Although even some recent reviews argue that the onset of atheroembolism is temporally and causatively connected to giving anticoagulants via denuding the fibrin cap over an ulcerated atheroma,1 data in several studies discount the impression that initiation of warfarin or heparin may augment risk, or even that thrombolytics play more than a rare role in initiating this sequence.3,14-17

OBSERVATION AND INFERENCES


Figure 2 – Dorsal view emphasizes positional fading of the purple toe. Tiny darker dots suggest minute thrombosed venules. Xerosis affects skin. Dystrophic yellow nails are prominent. Hammer-type deformity of right fifth toe is present. Crossover of purple toe with its lateral mate, the third toe, is less conspicuous than on plantar view in index image.
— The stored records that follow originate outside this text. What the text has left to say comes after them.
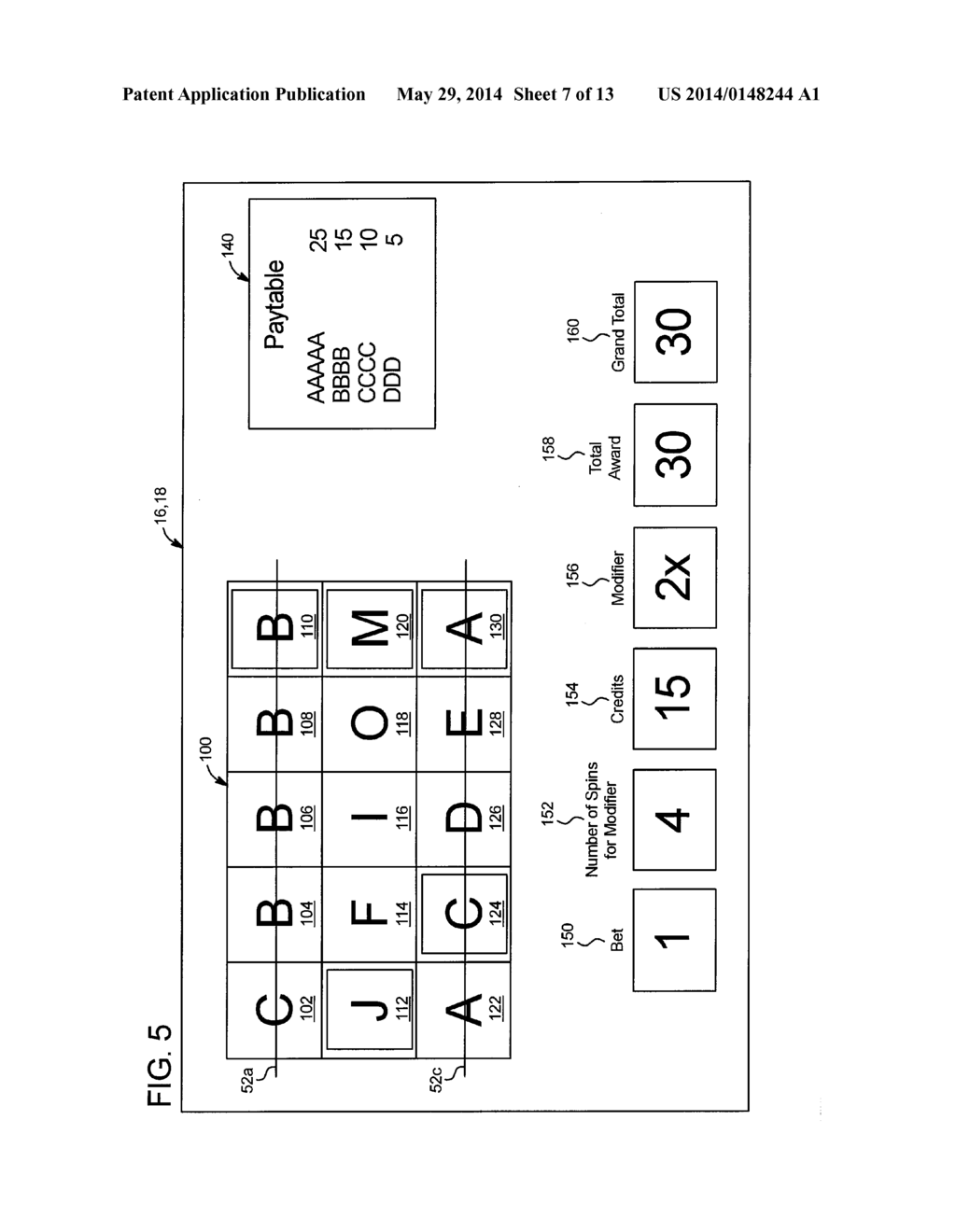 GAMING SYSTEM AND METHOD FOR PROVIDING DESIGNATED SYMBOL DISPLAY AREAS     THAT MODIFY AWARDS - diagram, schematic, and image 08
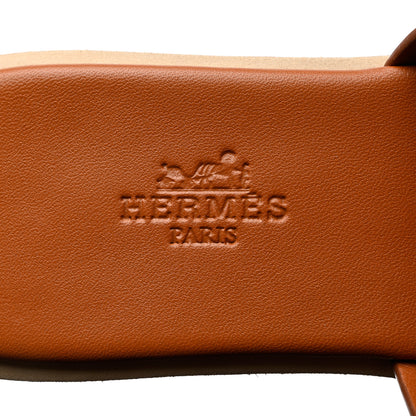 Hermes Calfskin Cork Eze 30 Sandals 35 Marron Glaise 7 of 9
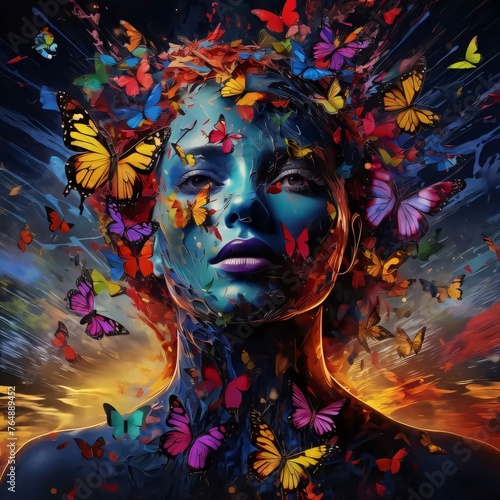 Beautiful woman face with butterflies and fire background. Art design.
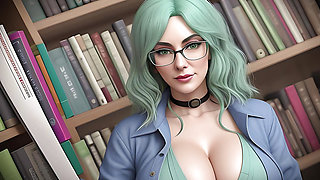 Beautiful green hair librarians with big tits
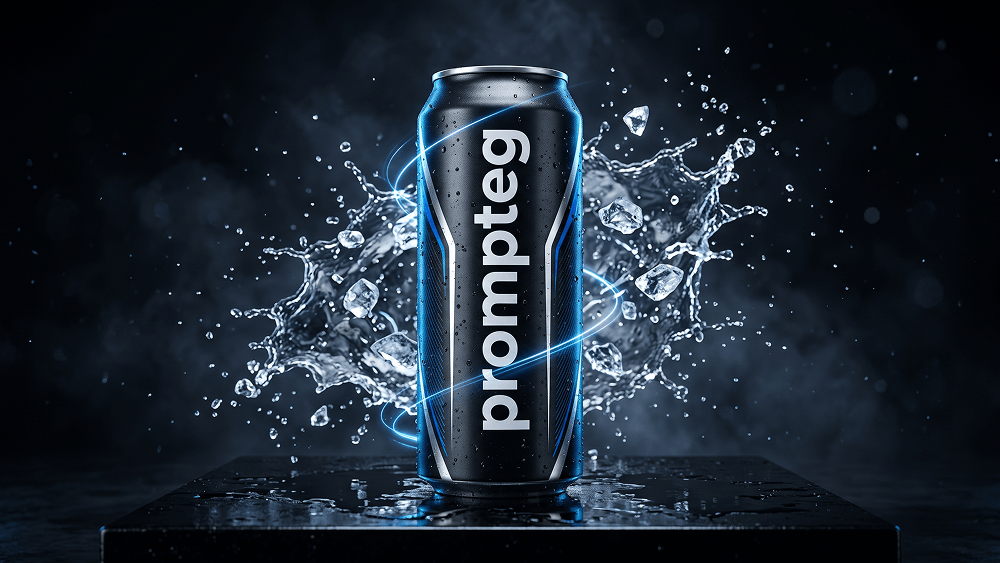Prompt für eine professionelle Werbung für ein Energy-Drink-Produkt - Gemini Prompt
We did not change our management but continued to observe closely. The intensity of purple modulated irregularly at times from hour to hour (Figure 2) but did not fade over time. A similar variability was observed in another nonatheroembolic blue toe case4 wherein capillary-venous engorgement rendered the blue color more conspicuous with dependency than when the leg was at trunk level on the bed. Perhaps an analogous process was at work here. This phenomenon in atheroembolism reflects venous engorgement perhaps with an element of arterial insufficiency via loss of venous tone, just as in Buerger sign of the leg.17

Yet our patient's lesions were nonatheroembolic. Our best explanation for their source, though not for the postural variation, was remote radiation injury. We hypothesize that discoloration reflected endothelial damage and proliferation, resulting in tortuous microvasculature and thus variable red cell stasis; disordered epithelial growth (see Figure 1); and remote necrotic loss of substance associated with unfamiliar remodeling such that the metatarsal heads appear noncontiguous with the bases of the phalanges (see Figure 1). One could speculate that architecturally aberrant and disordered capillary proliferation followed the known ischemic injury that radiation causes, analogous to the response to endogenous ischemia in proliferative diabetic retinopathy.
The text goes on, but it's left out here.